Content starts
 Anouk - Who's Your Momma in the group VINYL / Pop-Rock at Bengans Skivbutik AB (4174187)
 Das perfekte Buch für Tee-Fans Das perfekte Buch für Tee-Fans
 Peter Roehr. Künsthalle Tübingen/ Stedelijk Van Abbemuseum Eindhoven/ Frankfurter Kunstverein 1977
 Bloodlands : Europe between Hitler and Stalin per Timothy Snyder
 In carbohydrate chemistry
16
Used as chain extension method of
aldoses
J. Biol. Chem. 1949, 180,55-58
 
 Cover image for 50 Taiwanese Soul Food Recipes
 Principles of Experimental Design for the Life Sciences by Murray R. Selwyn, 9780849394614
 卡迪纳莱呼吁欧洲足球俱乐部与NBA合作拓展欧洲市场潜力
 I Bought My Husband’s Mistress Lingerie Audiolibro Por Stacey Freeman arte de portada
Content ends
Content starts
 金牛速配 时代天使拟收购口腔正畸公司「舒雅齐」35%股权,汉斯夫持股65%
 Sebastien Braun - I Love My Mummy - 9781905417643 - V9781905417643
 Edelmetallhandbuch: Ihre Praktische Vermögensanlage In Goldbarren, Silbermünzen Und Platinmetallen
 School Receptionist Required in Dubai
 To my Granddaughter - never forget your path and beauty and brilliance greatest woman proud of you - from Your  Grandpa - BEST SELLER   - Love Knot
Content ends
Content starts
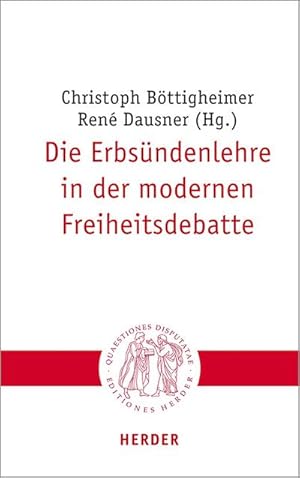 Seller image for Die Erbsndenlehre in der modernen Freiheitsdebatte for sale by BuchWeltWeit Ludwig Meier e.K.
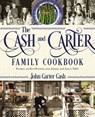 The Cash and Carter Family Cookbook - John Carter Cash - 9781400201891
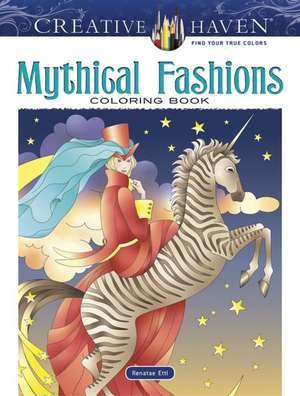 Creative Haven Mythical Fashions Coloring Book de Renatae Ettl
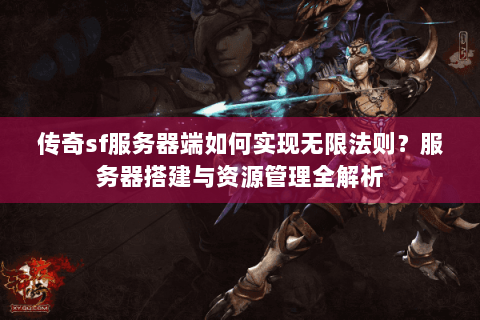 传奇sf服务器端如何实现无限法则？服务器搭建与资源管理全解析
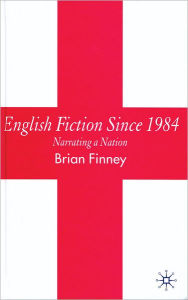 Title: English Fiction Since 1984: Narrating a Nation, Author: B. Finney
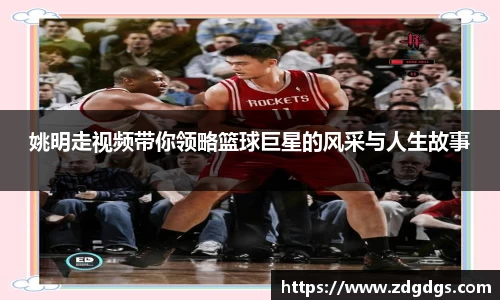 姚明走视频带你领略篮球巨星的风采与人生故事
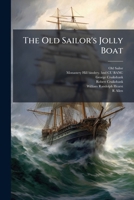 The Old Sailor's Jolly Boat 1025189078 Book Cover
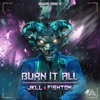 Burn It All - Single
Content ends
**TASK TO CARRY OUT:**
Beginning with the line above that has "传奇sf服务器端如何实现无限法则？服务器搭建与资源管理全解析" and going on through the line that has "Burn It All - Single", retype every line exactly and add nothing else; drop the pictures.

**TASK SOLUTION:**
 传奇sf服务器端如何实现无限法则？服务器搭建与资源管理全解析
 Title: English Fiction Since 1984: Narrating a Nation, Author: B. Finney
 姚明走视频带你领略篮球巨星的风采与人生故事
 The Old Sailor's Jolly Boat 1025189078 Book Cover
 Burn It All - Single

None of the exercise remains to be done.